[[ Dataset entries, beginning ]]
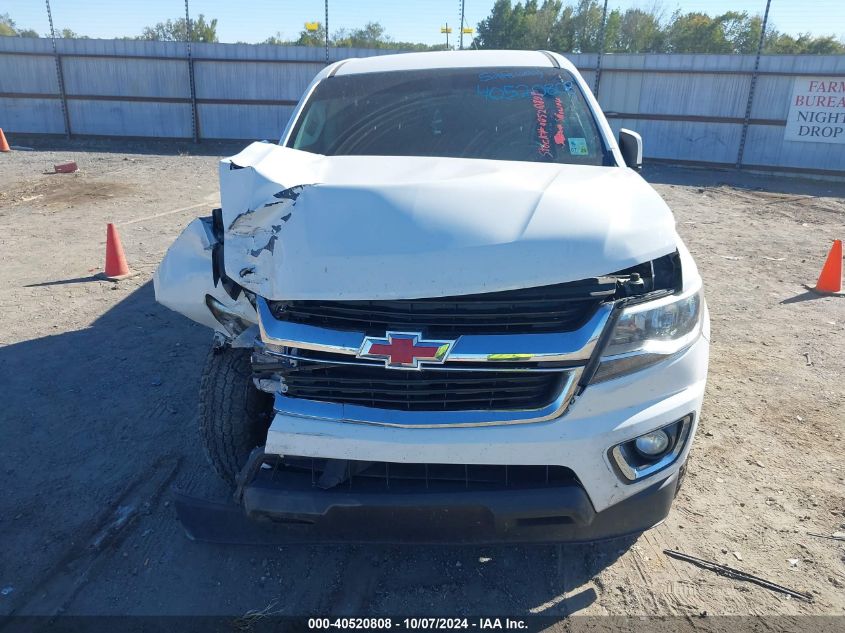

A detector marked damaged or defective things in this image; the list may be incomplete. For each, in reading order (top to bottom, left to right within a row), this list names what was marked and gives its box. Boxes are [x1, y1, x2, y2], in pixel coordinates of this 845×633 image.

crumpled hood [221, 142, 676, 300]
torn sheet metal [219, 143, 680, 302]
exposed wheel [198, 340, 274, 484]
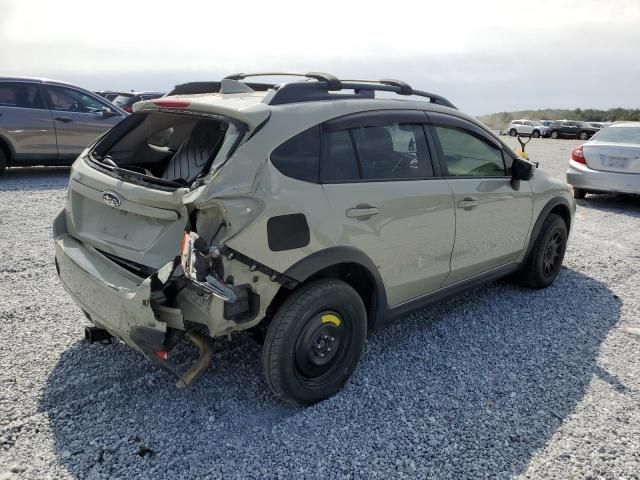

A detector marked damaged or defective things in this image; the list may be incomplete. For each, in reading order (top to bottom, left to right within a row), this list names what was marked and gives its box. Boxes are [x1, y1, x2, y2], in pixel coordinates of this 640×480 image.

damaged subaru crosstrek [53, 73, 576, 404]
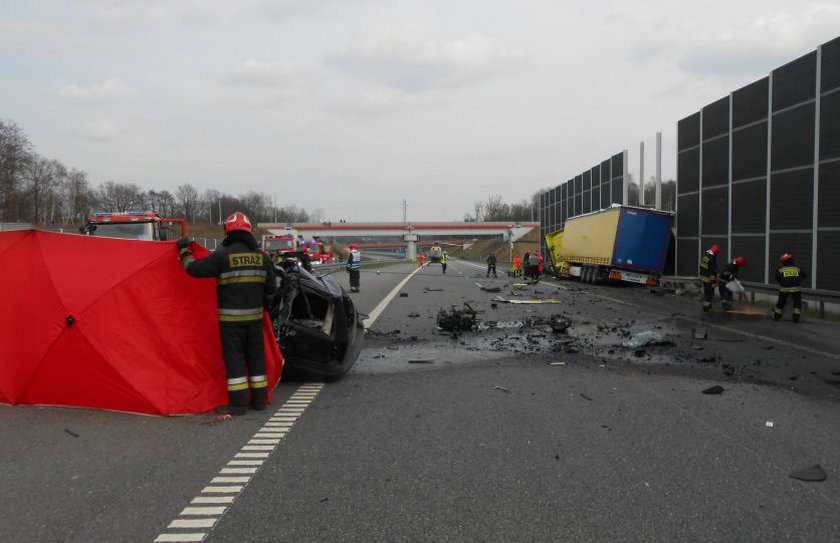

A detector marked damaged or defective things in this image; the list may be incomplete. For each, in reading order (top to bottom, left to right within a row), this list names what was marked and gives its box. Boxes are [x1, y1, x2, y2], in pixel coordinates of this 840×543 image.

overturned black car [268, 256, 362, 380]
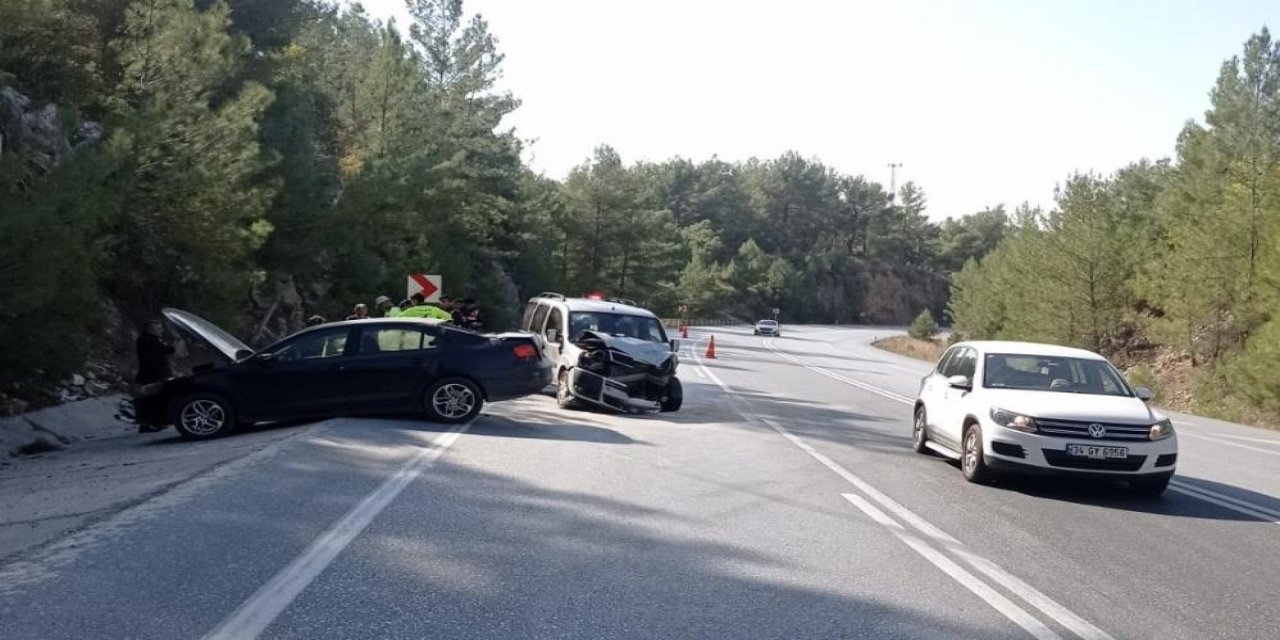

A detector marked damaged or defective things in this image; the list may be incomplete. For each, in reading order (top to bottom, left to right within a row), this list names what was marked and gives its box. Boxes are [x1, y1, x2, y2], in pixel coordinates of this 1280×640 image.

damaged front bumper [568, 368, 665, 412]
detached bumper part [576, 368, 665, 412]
[[ Dataset entries, end ]]
▶ _Activity_
Your task is to reproduce exactly the lines running from the line that contains "this 840×543 image." to the end of the records, pictures excluded.

▶ _Solution for this task_
A detector marked damaged or defective things in this image; the list may be incomplete. For each, in reading order (top to bottom, left to right within a row), this list names what was marked and gives its box. Boxes are [x1, y1, x2, y2], in pixel coordinates of this 840×543 image.

overturned black car [268, 256, 362, 380]

A detector marked damaged or defective things in this image; the list may be incomplete. For each, in reading order (top to bottom, left to right within a row), this list names what was marked and gives its box. Boxes are [x1, y1, x2, y2], in pixel coordinates of this 1280×640 image.

damaged front bumper [568, 368, 665, 412]
detached bumper part [576, 368, 665, 412]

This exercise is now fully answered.